En lo que respecta a la regulación y la supervisión
- En la región existe cada vez más el convencimiento de que la intermediación con la microempresa debe estar dentro del sistema financiero supervisado por la autoridad monetaria, y de que la normativa que regula este sistema debe considerar las características propias de esta actividad. Las expectativas indican que los procesos ya iniciados continuarían.
- Está surgiendo una cierta preocupación respecto de cómo actuar cuando el número de entidades que intermedian con la microempresa, que deben o desean ser supervisadas, es muy elevado. Ante esta situación, se plantea la disyuntiva de incluir estas entidades bajo la supervisión del ente central, adoptar un esquema de supervisión delegada o auxiliar, en ambas abriendo la regulación a más entidades pequeñas; o mantener la situación actual. Tales casos pueden encontrarse en países como México en general, u otros países con cooperativas o una industria atomizada, ya sea porque las entidades no supervisadas captan ahorro (México, y algunas cooperativas de Ecuador y El Salvador) o porque existe una presión por parte de las ONG para ser reconocidas por la Superintendencia.
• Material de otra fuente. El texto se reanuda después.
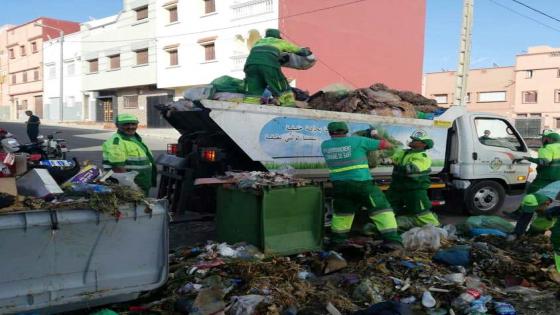 فيديو وصور: كلمة ديال الحق..عمال النظافة بآسفي يكسبون رهان شوارع وأحياء نظيفة خلال عيد الأضحى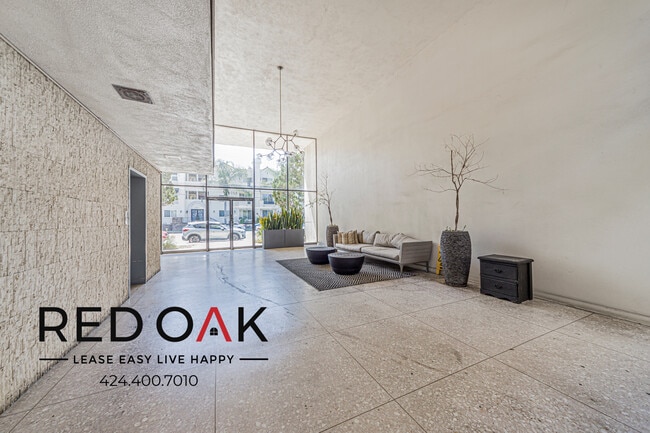 Building Photo - 10741 Moorpark St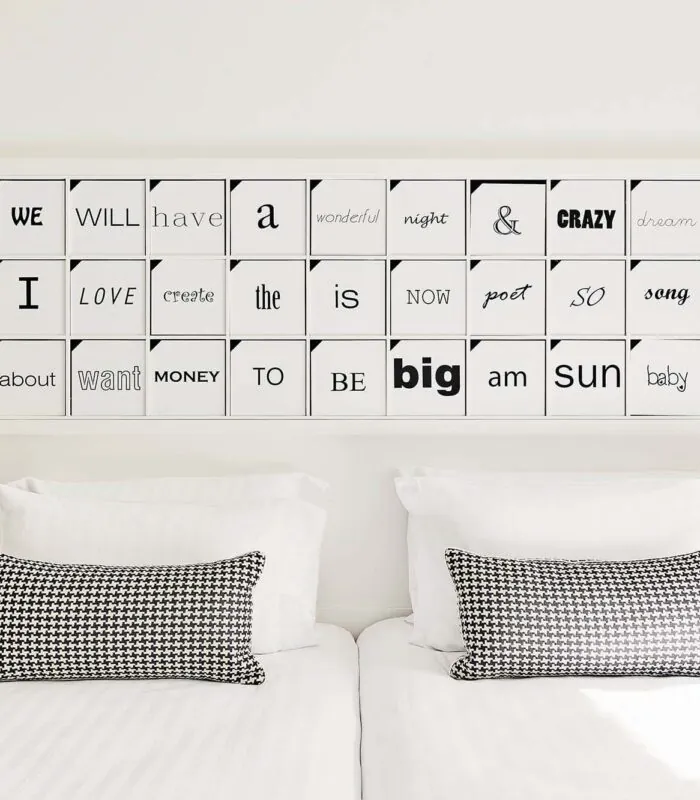 Chambre Familiale à l’hôtel Joke avec un lit et une enseigne au-dessus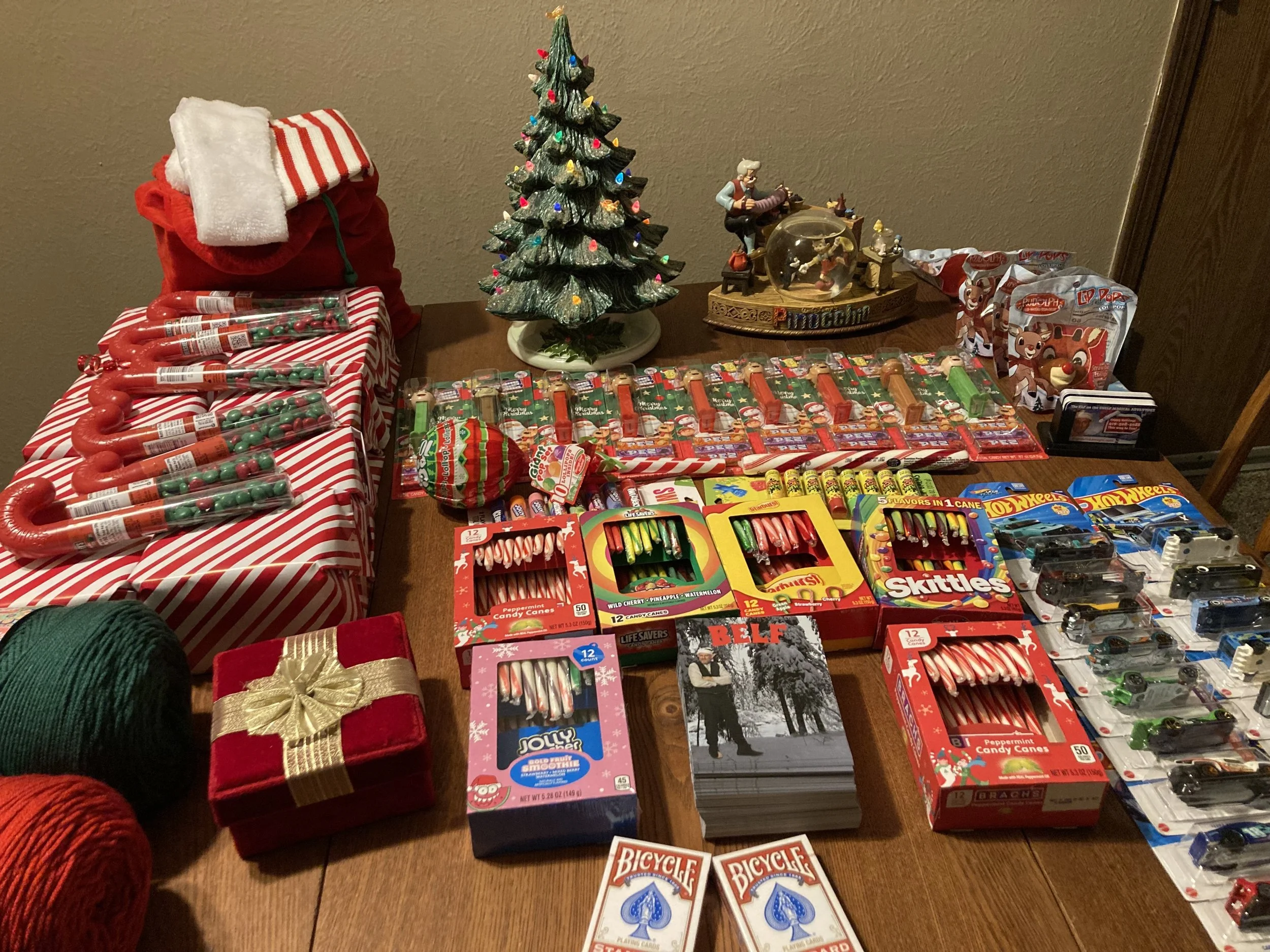 Christmas Magician Big Patrick's Belf Code Prizes and Candy Cane Bar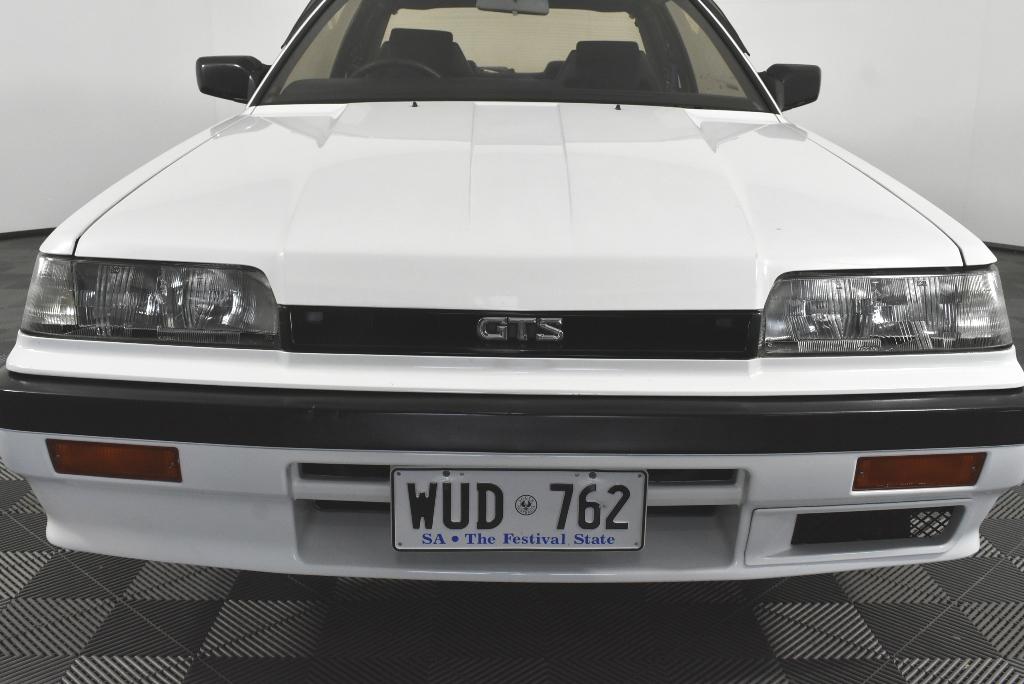 1987 Nissan Skyline GTS-X Coupe white unrestored Australia (14).jpg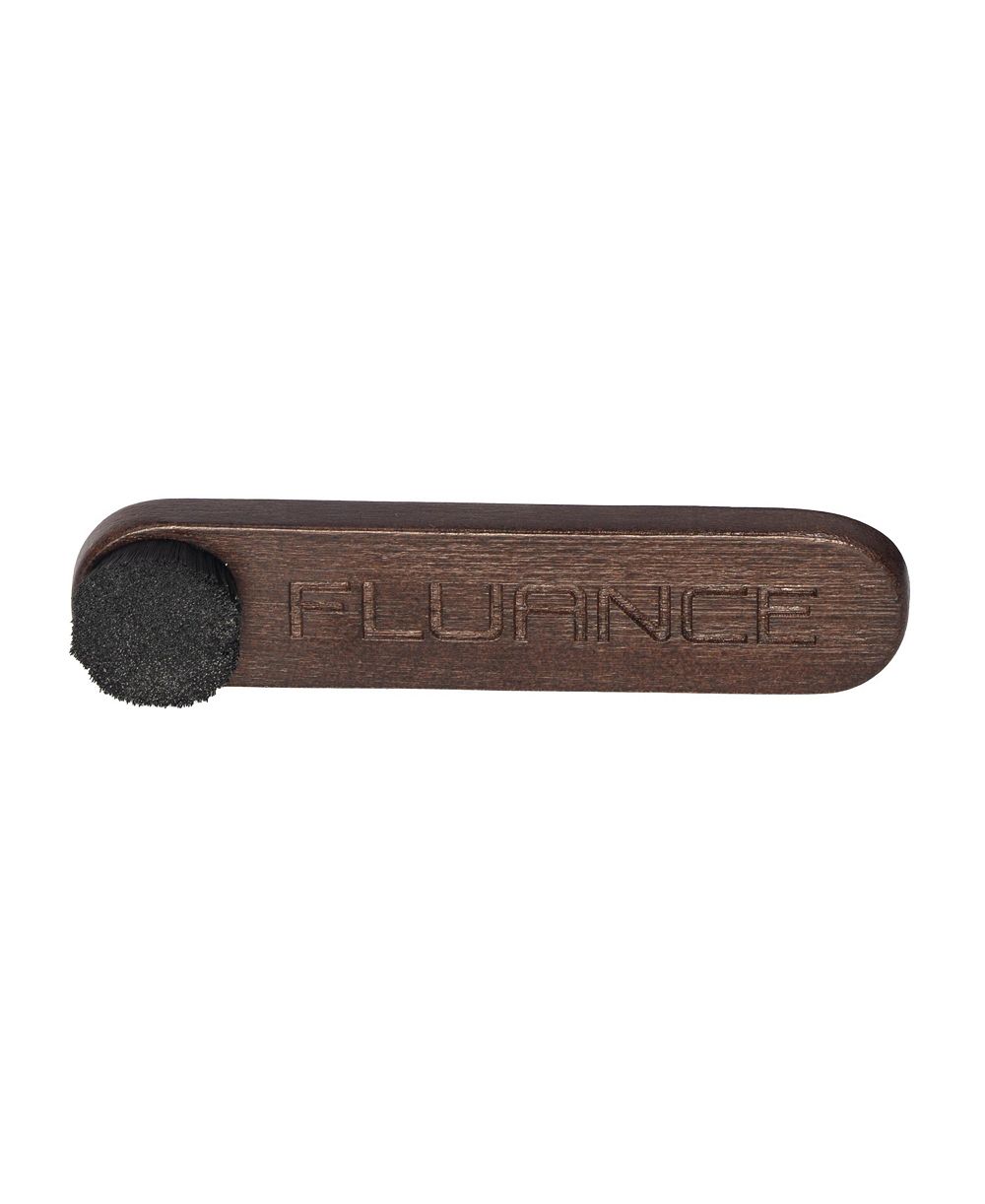 Щетка для очистки стилуса проигрывателя Fluance с ультрамягкой щетиной и буковой ручкой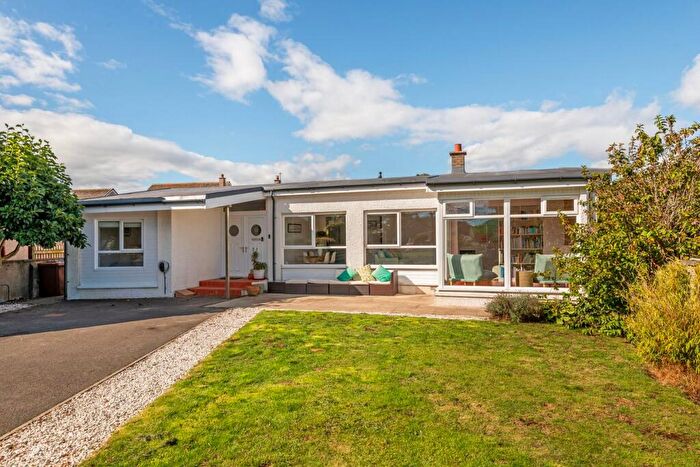 4 Bedroom Bungalow For Sale In Horseleys Park, St Andrews, KY16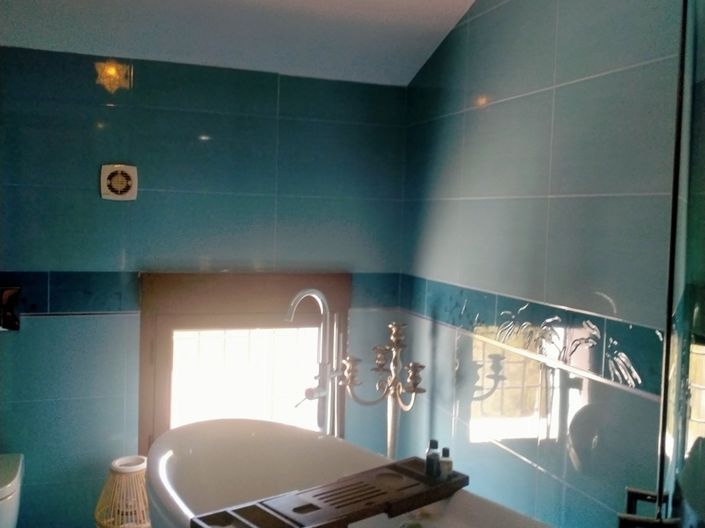 Image No.11-7 Bed Property for sale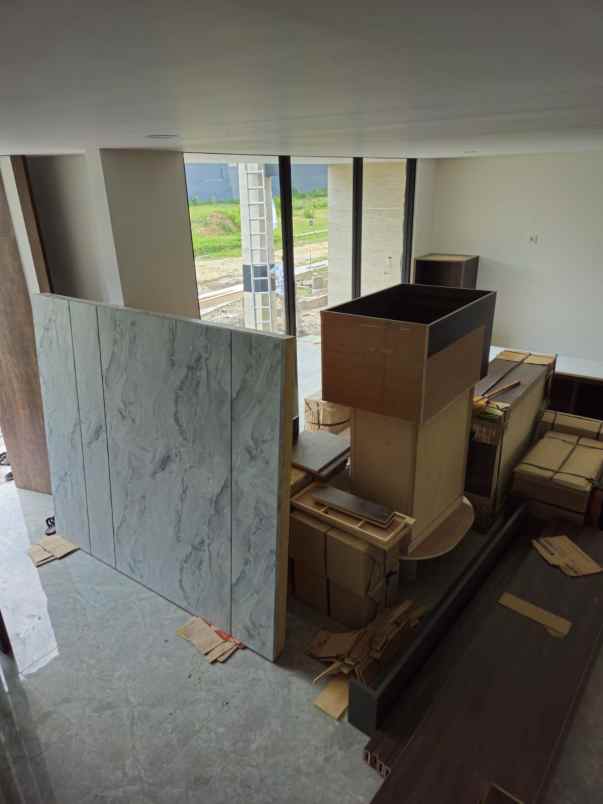 rumah mewah cantik berlokasi strategis di mlati sleman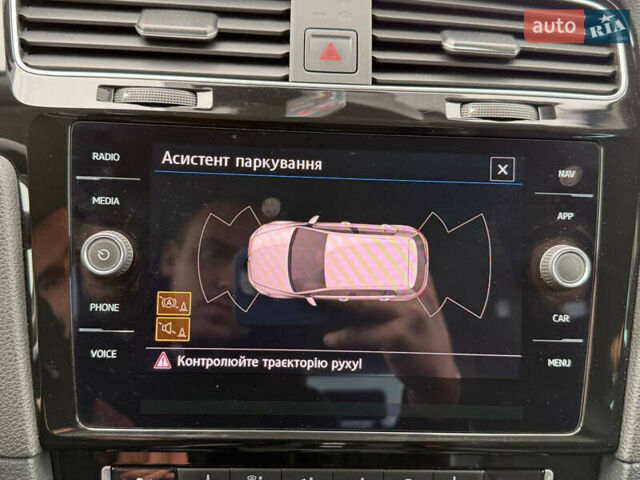 Серый Фольксваген Гольф, объемом двигателя 1.6 л и пробегом 234 тыс. км за 15900 $, фото 64 на Automoto.ua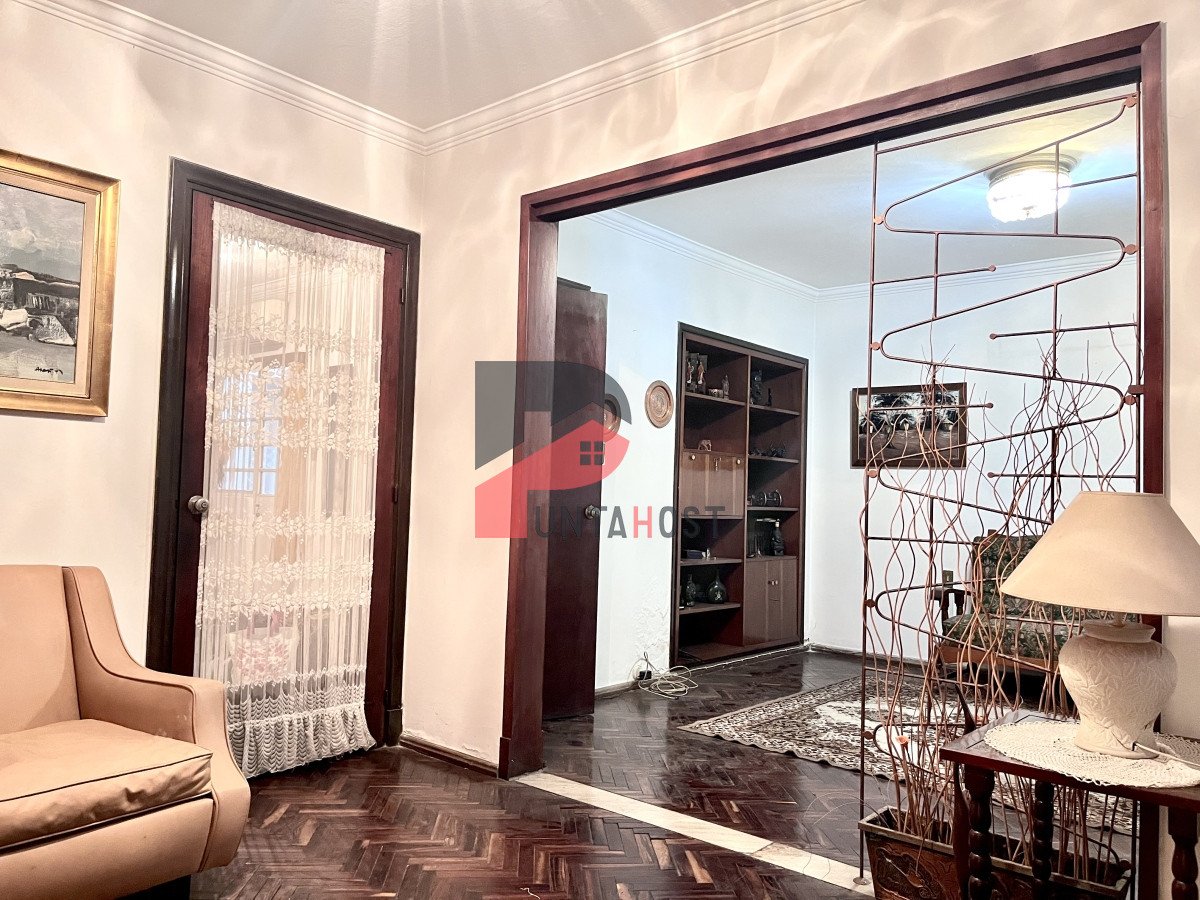 Casa ID.21 - Venta de Casa, 5 Dormitorios, 3 Baños, Patios y Garage en La Blanqueada,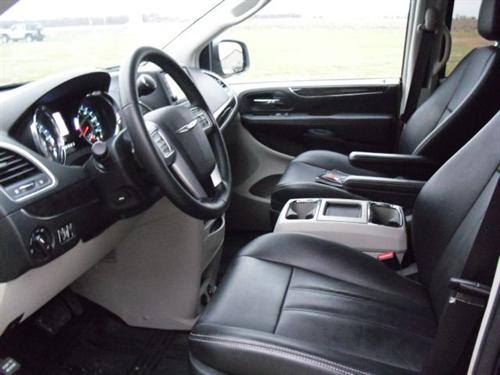 Chrysler Town and Country 2011 photo 2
El primero de los caminos implica el riesgo de dar lugar a una supervisión menos rígida o de saturar a la Superintendencia o Banco Central. El segundo requeriría restringir al máximo hasta eliminar la posibilidad de que entidades no reguladas y supervisadas adecuadamente, incluyendo las cooperativas, capten ahorros del público, sean socios o no, y de que para estar amparadas por el órgano de supervisión deban adoptar una de las figuras legales ya existentes en la legislación.
En América Latina parece que la tendencia va a continuar por el primero de los caminos. - Es de esperar que como consecuencia de la crisis financiera mundial que comenzó en 2007, se produzca un incremento en la atención a la regulación y supervisión de todas las entidades financieras, muy especialmente en las que manejan ahorros del público.